Several of the maps in the auction bear two characteristic additions on each map’s verso. Those on the Map of the most Inhabited Part of New England are shown here. The staining of the cloth indicates that this was one of the two segments left exposed once the map was folded.
The first addition, in a late eighteenth-century hand, is the ink annotation “Ld. Percy | New-England.” This served not only to indicate the map’s owner but also to identify the map when it was folded and, presumably, placed with similarly dissected maps. The identification of “Lord Percy” dates the annotation to before 1786, when Hugh Percy inherited his father’s dukedom and ceased to be known by that title (see the brief history of the Percy family in Section Ib). The similarity of these annotations across several maps strongly suggests that the maps were labeled as a set. The annotated maps all appear to pre-date Percy’s return to Britain in 1777; at the very least, the annotations confirm the ownership of this map by Hugh, earl Percy.

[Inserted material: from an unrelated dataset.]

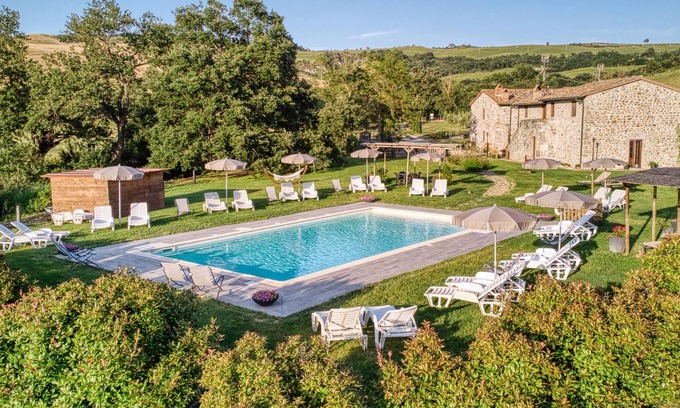 Castiglione d'Orcia Apartamento | Cortijo con piscina - apartamento la Spiga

The second addition to the verso, just below the inked lettering, is a pasted-on bookplate. This bears the Percy badge (not the family’s crest or “arms”): “A crescent argent within the horns, per pale, sable and gules charged with a double manacle fesseways or” (Burke & Burke 1884, art. “Percy”). The badge is enclosed in the badge of the Order of the Garter and surmounted by a ducal coronet. This combination indicates that the bookplate is that of the duke of Northumberland: either Hugh, earl Percy — although he did not become a knight of the Garter until 1801 — or his father. That is, Hugh might have used his father’s bookplates before 1786 or, more likely, the bookplate was added after 1802 by a librarian or archivist. More research is required on this point. Conclusions drawn from these additions are that the map was certainly owned by Hugh, earl Percy before 1786 and that it was perhaps one of a set of maps giving coverage of the colonies put together for Percy to take with him to America in 1774.
The face of the map bears a series of further annotations of roads, in pencil and ink, that supplement the map’s printed roads. They indicate that the map served as a strategic planning document. Thus, however ambiguous the evidence of the additions on its verso, this map was indeed used during the Revolutionary War. We should note at this point that soon after Percy left for America, the “third edition” of the map was printed; had Percy bought the map after his return, it would most likely have been one of that edition.